Quick suggests that AI could revolutionize this process by providing greater transparency and efficiency. Automated systems could track the performance and ROI of grid investments in real-time, providing regulators with a clearer picture of how ratepayer money is being utilized. This level of data-driven accountability could lead to more collaborative relationships between utilities and commissions, ultimately resulting in a more agile regulatory environment that can keep pace with the energy transition.

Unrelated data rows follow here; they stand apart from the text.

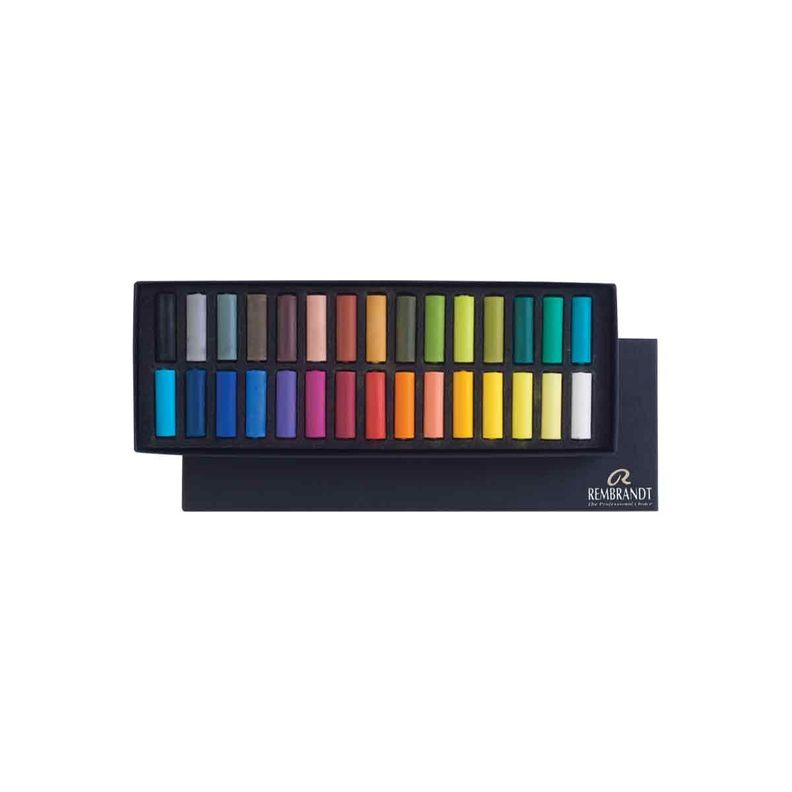 Pastel Seco Rembrandt Set 30 Colores Media Barra-0
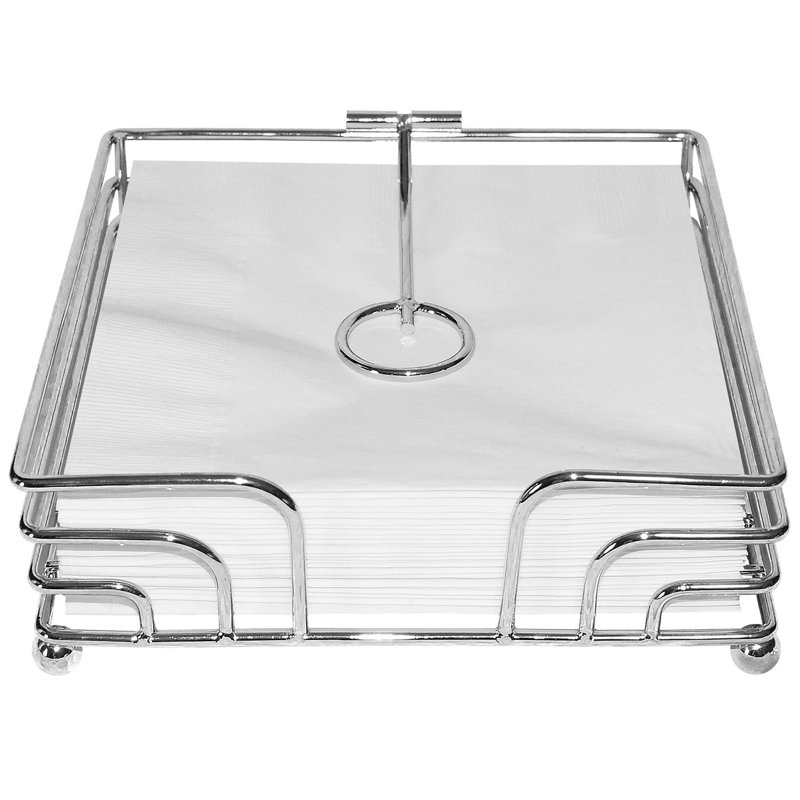 Porte-serviettes sur pied en fil plat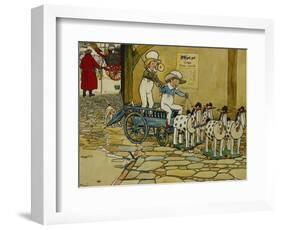 Chips Off The Old Block; The York Stage Coach-Cecil Aldin-Framed Giclee Print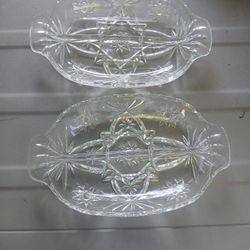 Set Of 7 Crystal Candy Dishes 
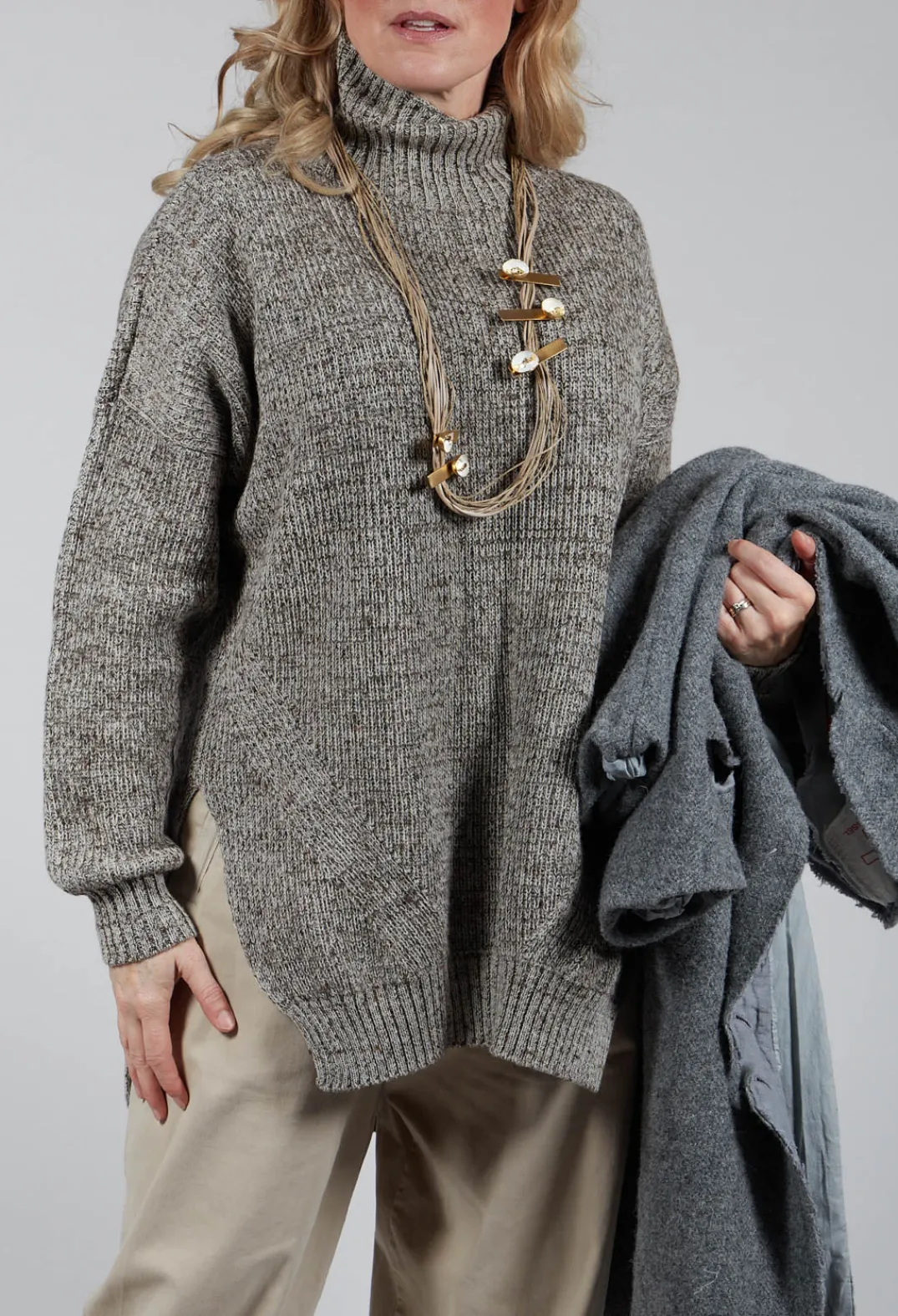 Malloni Jumpers^Formio Tricot Knitted Jumper in Multicolour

Future Outlook: Human-Centric AI and Operational Evolution
The future of the power grid will be characterized by a "tool-in-the-belt" approach to AI. For field-based employees, this means using AI to reduce administrative burdens and enhance safety during visual inspections. For distribution engineers, it means using predictive analytics to identify vulnerabilities before they lead to outages. However, the overarching theme remains the same: technology is only as effective as the human systems it supports.
As the industry moves forward, the success of AI adoption will be measured not by the complexity of the algorithms used, but by the willingness of utility organizations to evolve. The integration of AI into the field and the back office represents a fundamental shift in utility planning—one that prioritizes agility, measurable value, and the empowerment of the workforce. As Andy Quick emphasizes, the more an organization is willing to change its underlying processes, the more value it will derive from the technological revolution currently reshaping the energy landscape. The grid of the future is not just a collection of smarter hardware; it is a more responsive, efficient, and human-driven system enabled by a strategic embrace of change.